ABD’de Vietnam Savaşı’nın yarattığı bunalım, Batı Avrupa’daysa özellikle ve öncelikle genç kuşakları etkileyen işsizlik, Batı’nın delikanlı kesimini bu yıllarda kitlesel bir hareketliliğe sürüklemişti. Batı Avrupa’da Con-Bendit, Krivine, Dutschke gibi anarşist ideologların devriminin siyasal öncülüğü görevini düzenle bütünleşerek devrimci niteliğini yitirdiğini öne sürdükleri işçi sınıfından alıp, gençliğe veren görüşlerinin etkisiyle daha politize bir görünüme bürünen gençlik hareketleri, ABD’de daha çok Vietnam Savaşı’na karşı apolitik barış gösterileri biçimini alıyordu. Ne var ki, zencilerin yurttaşlık haklarını savunan “Black Panters” (Kara Panterler) ya da Troçkist eğilimli yeraltı örgütü “Weathermen” gibi radikal siyasal örgütler de yok değildi ABD gençliği içinde...

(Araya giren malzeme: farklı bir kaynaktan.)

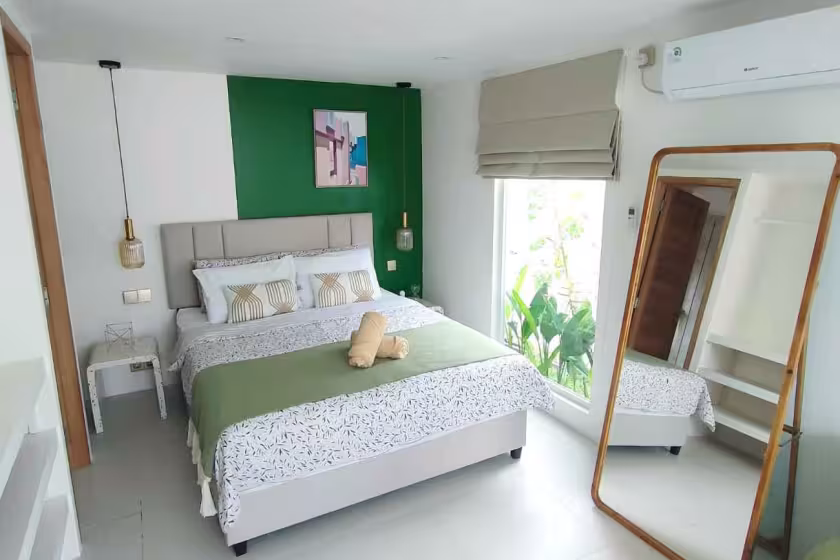 Дом, 1 спальня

Politize olsun, apolitik olsun, tüm bu gençlik hareketleri siyasal bağlamda modern versiyonu öğrenci liderlerince savunulan 19. yüzyıl anarşist tezlerinden, etik bağlamda ise, Freud’un solcu öğrencisi Wilhelm Reich’ın Cinsel Özgürlük görüşlerinden etkilenmişlerdi. Tıpkı yüz yıl öncesinde yaşıtlarının yaptığı gibi burjuvazinin bağnaz ahlâkçı düzenine başkaldırdılar, evlilik-dışı birlikteliklere yöneldiler, komünler kurup yeni ilişki biçimleri denediler, üretim ve tüketim kooperatifleri kurarak kapitalist ülkelerde kapitalizmin “dışında” yaşamaya çalıştılar. Böyle bir “dış” olmadığı için de, bir kısmı uyuşturucuların elinde heder oldu, bir kısmı eğitimini yarıda bıraktığından yaşamda önüne açılabilecek kapıları kendi eliyle kapatmış sayıldı, bir kısmı kendi kabuğuna çekildi, mutlu azınlık sahibi olan pek azı ise, “zararın neresinden dönülse kârdır” diyerek başkaldırı yıllarında edindiği deneyimleri sermayeye tahvil edip genç ve dinamik işadamları kuşağını (ABD’de Jöntürk grubu) oluşturdular.
FEMİNİST BİLİNÇLENME
Tüm bu süreçlerin içinde kadınlar da vardı kuşkusuz. Öğrenci ayaklanmalarına onlar da katılıyor, barış festivallerinde onlar da şarkılar söylüyor, savaş-aleyhtarı mitinglerde onlar da pankart taşıyor, serbest aşk tezlerini onlar da savunuyor. Kısası tüm bir gençliği yerinden oynatan rüzgârın önünde onlar da sürükleniyordu.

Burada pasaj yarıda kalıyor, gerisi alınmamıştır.